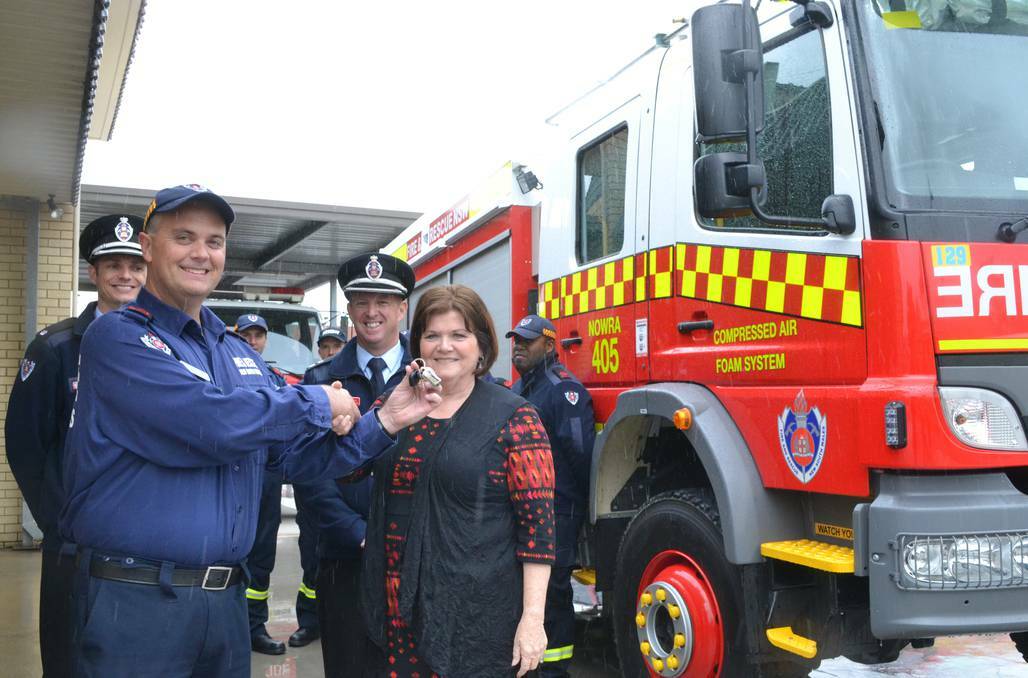 HAND OVER: South Coast MP Shelley Hancock presents the keys to the new $465,000 Compressed Air Foam System (CAFS) firefighting tanker to Nowra captain John Dun with Duty Commander Monaro Inspector Luke Unsworth and Batemans Bay Zone Commander Superintendent David Lewis.
 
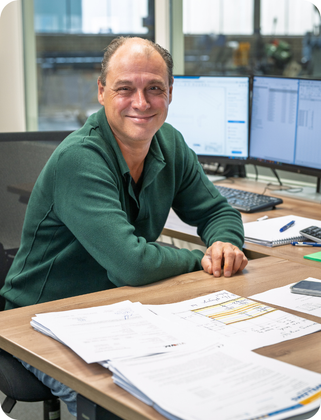 Een man leunt op een tafel in een fabriek. Wim van Dinther.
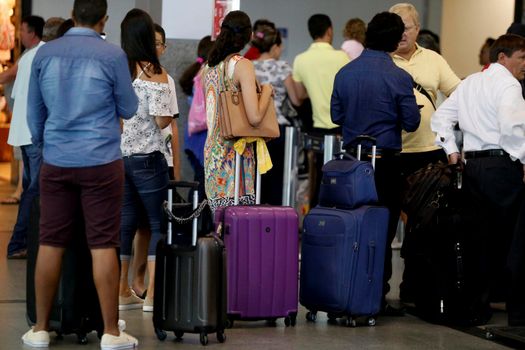 salvador, bahia/brazil - July 27, 2018: Queue of passengers at airline check-in at Salvador Airport.
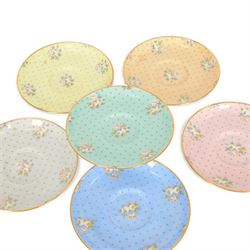 Spode six coffee cups and saucers cased set, decorated with floral sprigs on a polka dot ground with gilt detail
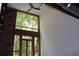 Spacious living area with high ceilings and large windows showcasing leafy views at 319 Atlanta Se St # 317, Marietta, GA 30060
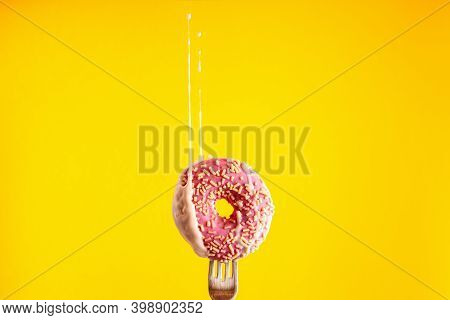 Donut On A Fork. Donut With Freeze-dried Raspberry And A Dymanic Splash Of Pink Glazing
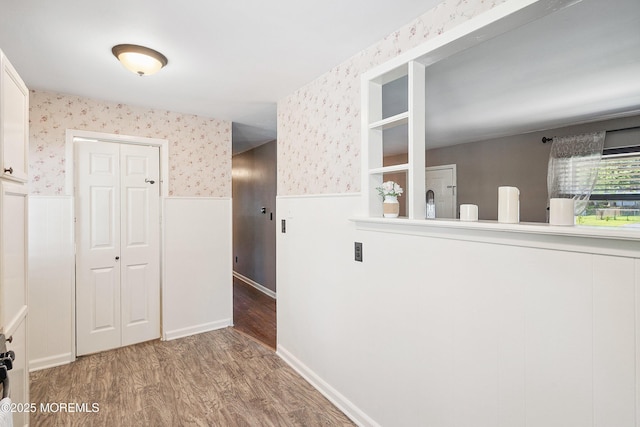 6 Redwood Rd, Howell, NJ 07731 - corridor with wainscoting, wallpapered walls, and wood finished floors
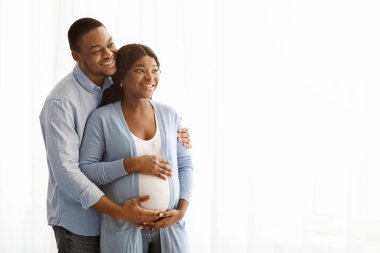 Neşeli Afro-Amerikan hamile çift beyaz arka plandan fotokopi çektiriyorlar, panorama. Siyahi bir kadın ve kocasının reklam izlemesini beklemekten mutluyum.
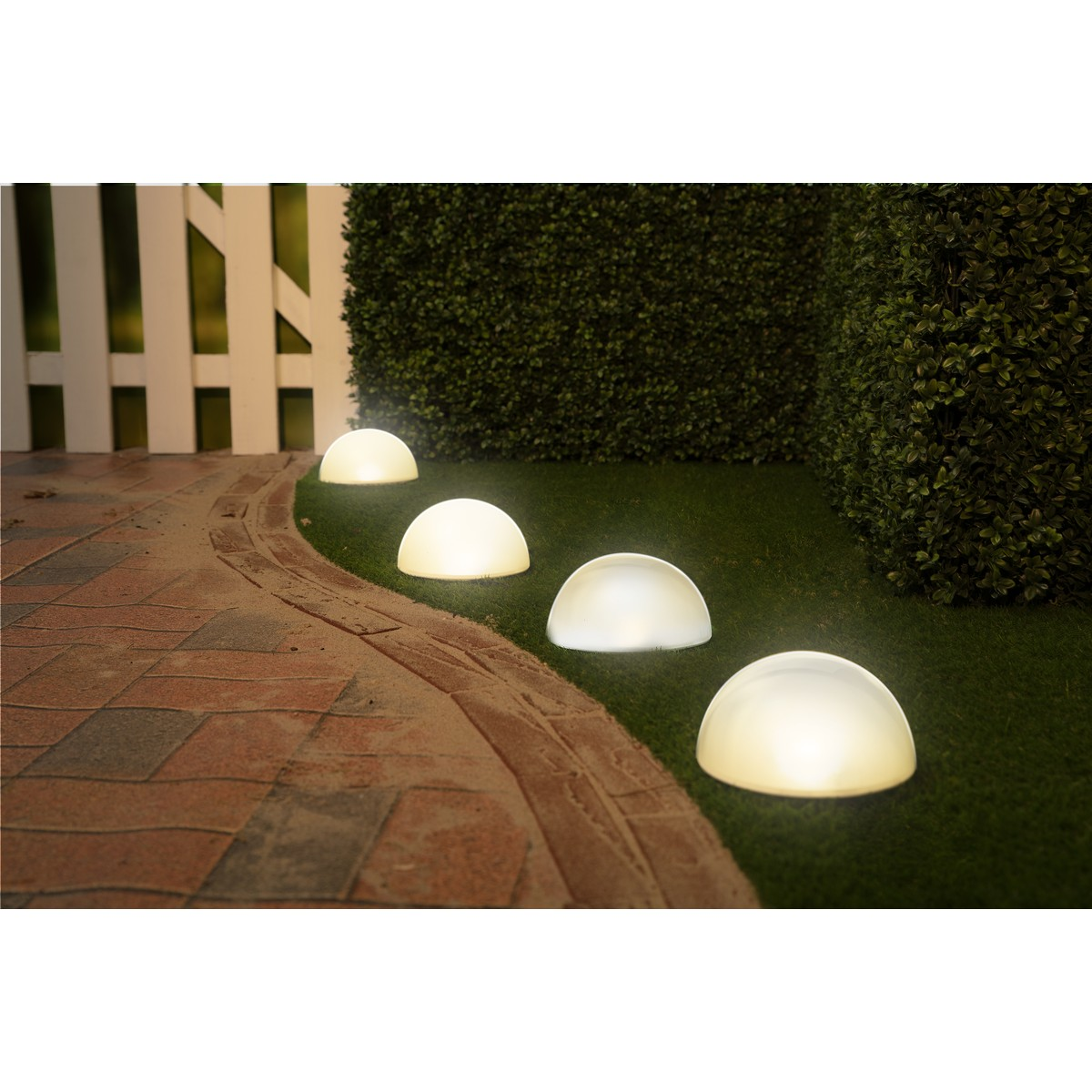 Four glowing half-dome lights line a path next to a green hedge.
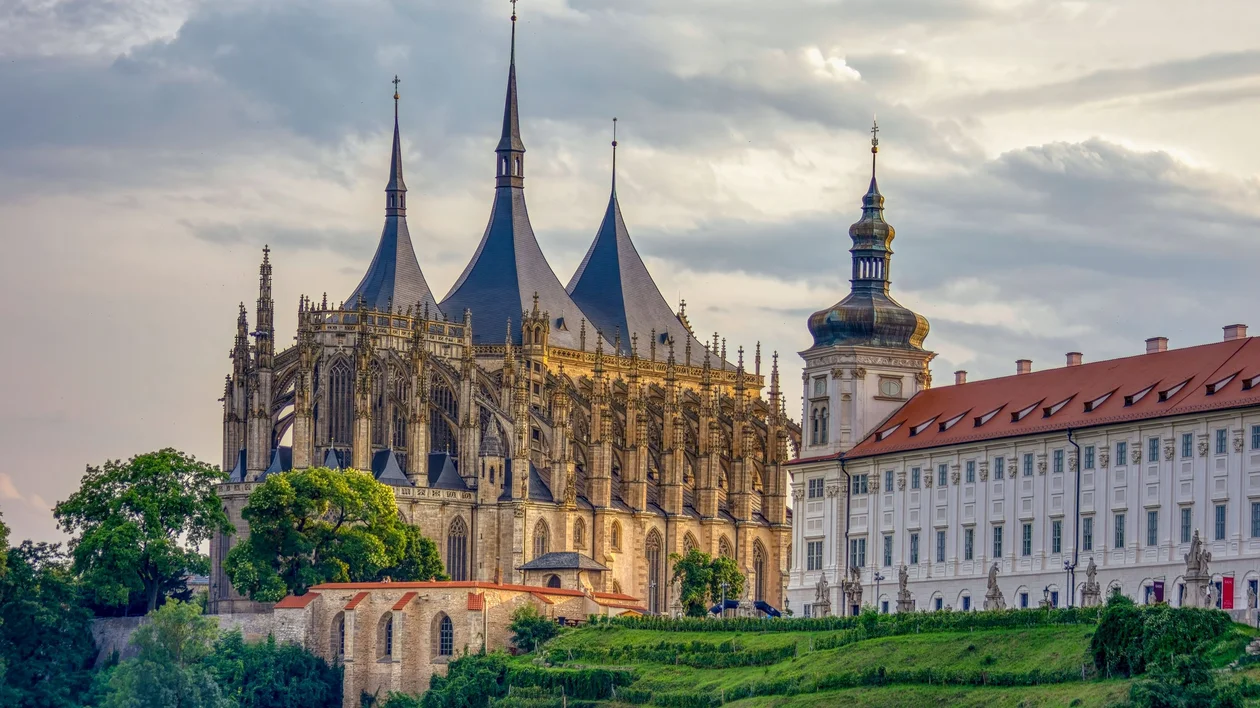 Gothic cathedral with tall spires beside historic white buildings under a cloudy sky.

TASK ITEM:
All of the data above must be printed exactly, minus its pictures.

WRITTEN SOLUTION:
 HAND OVER: South Coast MP Shelley Hancock presents the keys to the new $465,000 Compressed Air Foam System (CAFS) firefighting tanker to Nowra captain John Dun with Duty Commander Monaro Inspector Luke Unsworth and Batemans Bay Zone Commander Superintendent David Lewis.
 
 Een man leunt op een tafel in een fabriek. Wim van Dinther.
 salvador, bahia/brazil - July 27, 2018: Queue of passengers at airline check-in at Salvador Airport.
 Spode six coffee cups and saucers cased set, decorated with floral sprigs on a polka dot ground with gilt detail
 Spacious living area with high ceilings and large windows showcasing leafy views at 319 Atlanta Se St # 317, Marietta, GA 30060
 Donut On A Fork. Donut With Freeze-dried Raspberry And A Dymanic Splash Of Pink Glazing
 6 Redwood Rd, Howell, NJ 07731 - corridor with wainscoting, wallpapered walls, and wood finished floors
 Neşeli Afro-Amerikan hamile çift beyaz arka plandan fotokopi çektiriyorlar, panorama. Siyahi bir kadın ve kocasının reklam izlemesini beklemekten mutluyum.
 Four glowing half-dome lights line a path next to a green hedge.
 Gothic cathedral with tall spires beside historic white buildings under a cloudy sky.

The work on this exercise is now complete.